Pernyataan ini sekaligus menjadi jawaban tegas atas pengakuan salah satu anggota organisasi kemahasiswaan yang mengklaim telah mengeluarkan biaya hingga Rp 635.000 untuk membuat SIM C, bahkan tanpa melalui proses ujian praktik. Informasi tersebut disebut sangat menyesatkan dan mencederai semangat pelayanan bersih yang selama ini diusung Satlantas Polres Lotim.
“Kalau ada oknum yang mengaku bisa urus SIM tanpa tes, itu sudah pasti bukan bagian dari kami.

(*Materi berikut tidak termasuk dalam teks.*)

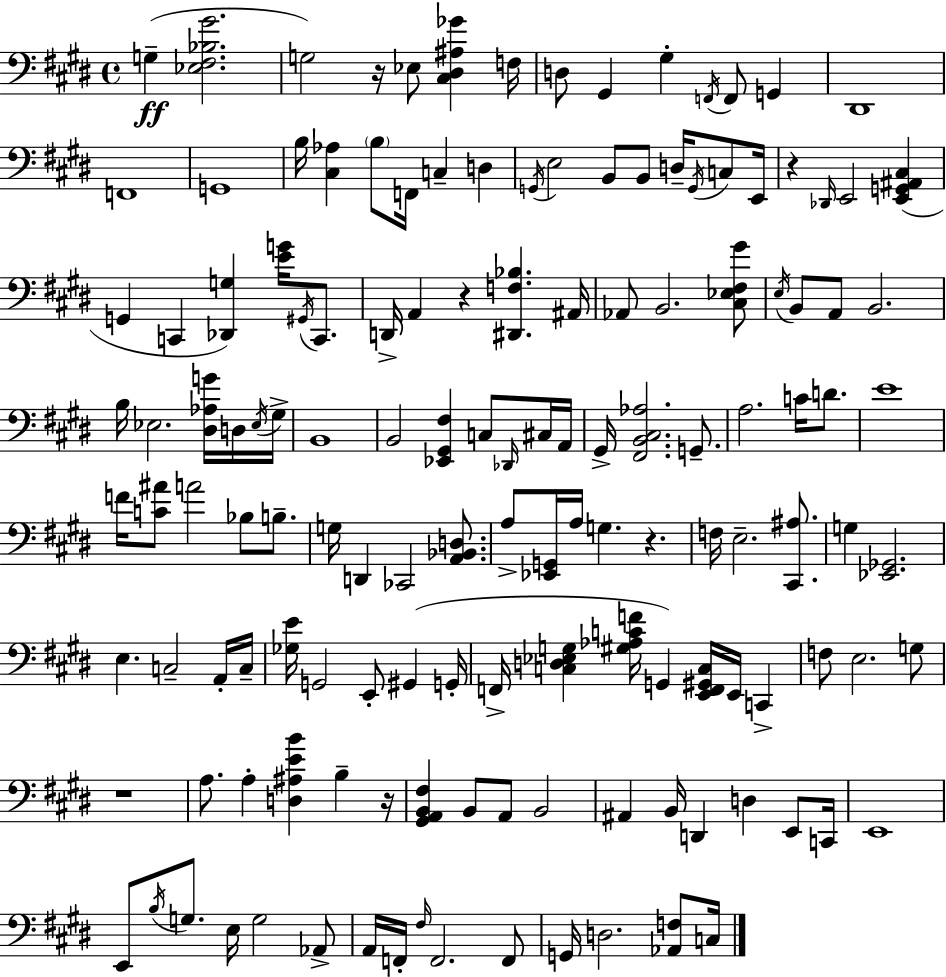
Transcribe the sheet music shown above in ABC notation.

X:1
T:Untitled
M:4/4
L:1/4
K:E
G, [_E,^F,_B,^G]2 G,2 z/4 _E,/2 [^C,^D,^A,_G] F,/4 D,/2 ^G,, ^G, F,,/4 F,,/2 G,, ^D,,4 F,,4 G,,4 B,/4 [^C,_A,] B,/2 F,,/4 C, D, G,,/4 E,2 B,,/2 B,,/2 D,/4 G,,/4 C,/2 E,,/4 z _D,,/4 E,,2 [E,,G,,^A,,^C,] G,, C,, [_D,,G,] [EG]/4 ^G,,/4 C,,/2 D,,/4 A,, z [^D,,F,_B,] ^A,,/4 _A,,/2 B,,2 [^C,_E,^F,^G]/2 E,/4 B,,/2 A,,/2 B,,2 B,/4 _E,2 [^D,_A,G]/4 D,/4 _E,/4 ^G,/4 B,,4 B,,2 [_E,,^G,,^F,] C,/2 _D,,/4 ^C,/4 A,,/4 ^G,,/4 [^F,,B,,^C,_A,]2 G,,/2 A,2 C/4 D/2 E4 F/4 [C^A]/2 A2 _B,/2 B,/2 G,/4 D,, _C,,2 [A,,_B,,D,]/2 A,/2 [_E,,G,,]/4 A,/4 G, z F,/4 E,2 [^C,,^A,]/2 G, [_E,,_G,,]2 E, C,2 A,,/4 C,/4 [_G,E]/4 G,,2 E,,/2 ^G,, G,,/4 F,,/4 [C,D,_E,G,] [^G,_A,CF]/4 G,, [E,,F,,^G,,C,]/4 E,,/4 C,, F,/2 E,2 G,/2 z4 A,/2 A, [D,^A,EB] B, z/4 [^G,,A,,B,,^F,] B,,/2 A,,/2 B,,2 ^A,, B,,/4 D,, D, E,,/2 C,,/4 E,,4 E,,/2 B,/4 G,/2 E,/4 G,2 _A,,/2 A,,/4 F,,/4 ^F,/4 F,,2 F,,/2 G,,/4 D,2 [_A,,F,]/2 C,/4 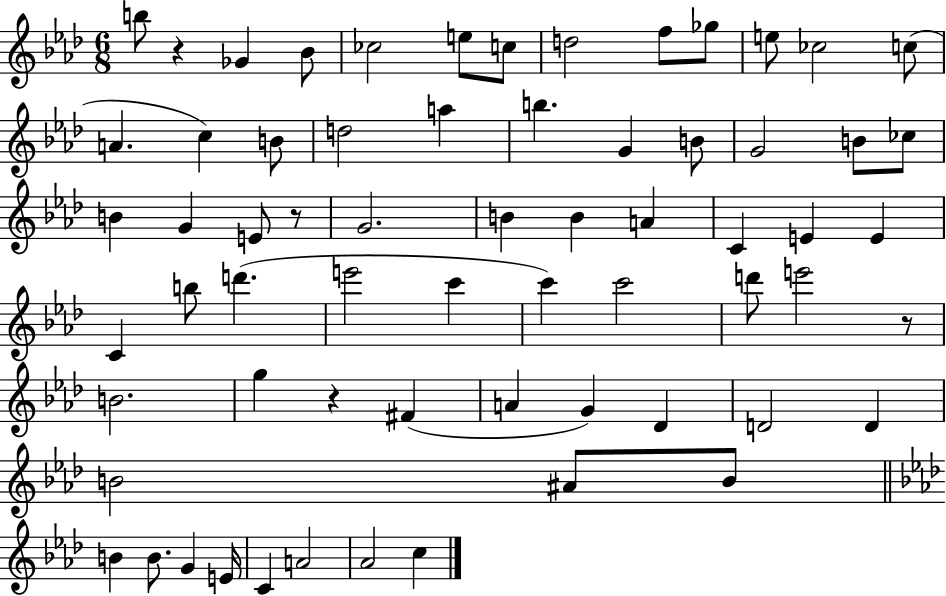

Saya tegaskan, kami tidak pernah melegalkan proses seperti itu,” tegasnya.
AKP Tiara menjelaskan biaya pembuatan SIM telah diatur secara nasional dalam Peraturan Pemerintah Nomor 76 Tahun 2020. Untuk SIM C, biaya resmi sesuai peraturan yang berlaku dan masyarakat juga akan dikenakan biaya tambahan untuk tes kesehatan dan tes psikologi yang tarifnya tergantung lembaga atau klinik pelaksana, kalau sampai keluar biaya Rp 500 ribu lebih itu sudah di luar kendali kami, kami tidak pernah meminta biaya semacam itu jika masyarakat menemui praktik seperti ini jangan ragu laporkan ke kami dan Kami siap tindak tegas,” ujar Tiara.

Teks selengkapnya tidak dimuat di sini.